The advantage of using this transformation is, that any polygon described by four points can be transformed into another polygon of four points. This property really worked in my favor, because I could not only extract a specific area in my depth data but also straighten the source data into a rectangle. This rectangle then had the same properties as the pixel image generated by my perlin noise shader programm. Thereby the two methods were became interchangeable which allowed me to easily switch between the two at runtime.
The image below is a screenshot of my OpenCV Homography example. This example shows the a slightly more complex application of the principle than I originally needed. There are two homography transformations applied where the output of the first transformation becomes the input of the second transformation. I wrote this slightly more complex example – including the custom UI elements to define the homography points – because I felt that this would visualize the power of this mathematical principle most clearly.

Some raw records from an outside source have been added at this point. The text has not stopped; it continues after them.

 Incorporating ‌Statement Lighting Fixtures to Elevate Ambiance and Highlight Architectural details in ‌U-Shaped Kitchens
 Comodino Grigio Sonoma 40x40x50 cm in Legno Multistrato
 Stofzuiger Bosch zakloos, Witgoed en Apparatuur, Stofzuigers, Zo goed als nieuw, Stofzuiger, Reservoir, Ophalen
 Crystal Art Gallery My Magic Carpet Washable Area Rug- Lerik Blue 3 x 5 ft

The example is based in the openFrameworks addon ofxCv by Kyle McDonald, who wrote a fast and accessible implementation of the homography transformation.
Programmable Geometry Shader
In preparation for the final visualization of the particle system, I started to delve deeper into OpenGL shader programming. Of specific interest to me was the geometry shader stage in the graphics pipeline. It would allow me to handle only simple point data on the CPU and generate complex parametrized geometry on the GPU. Therefore I came up with this Geometry Shader example. On the repository page I also list the resources I used when creating this example.

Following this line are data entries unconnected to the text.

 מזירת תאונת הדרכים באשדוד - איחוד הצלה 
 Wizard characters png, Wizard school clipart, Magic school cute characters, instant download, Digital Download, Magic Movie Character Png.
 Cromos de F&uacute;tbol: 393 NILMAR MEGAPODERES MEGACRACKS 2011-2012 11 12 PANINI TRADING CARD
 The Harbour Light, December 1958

This video show a complete walkthrough of the setup configuration and the interaction between the fabric and the projection. The first part demonstrates the configuration. The infrared (IR) needs to masked during the setup of the homography transformation in order to get a better camera image without the pseudo-random IR pattern in it. Once the setup is finished I show the mapping of the 3D depth data to the projection by projecting the depth buffer onto the fabric. This demonstrates how the interaction with the fabric is mapped to the depth data visually. In the last part I demonstrate how the depth data is powering a particle system through the use of a vector field. The particle system of the projection is not the final visualization.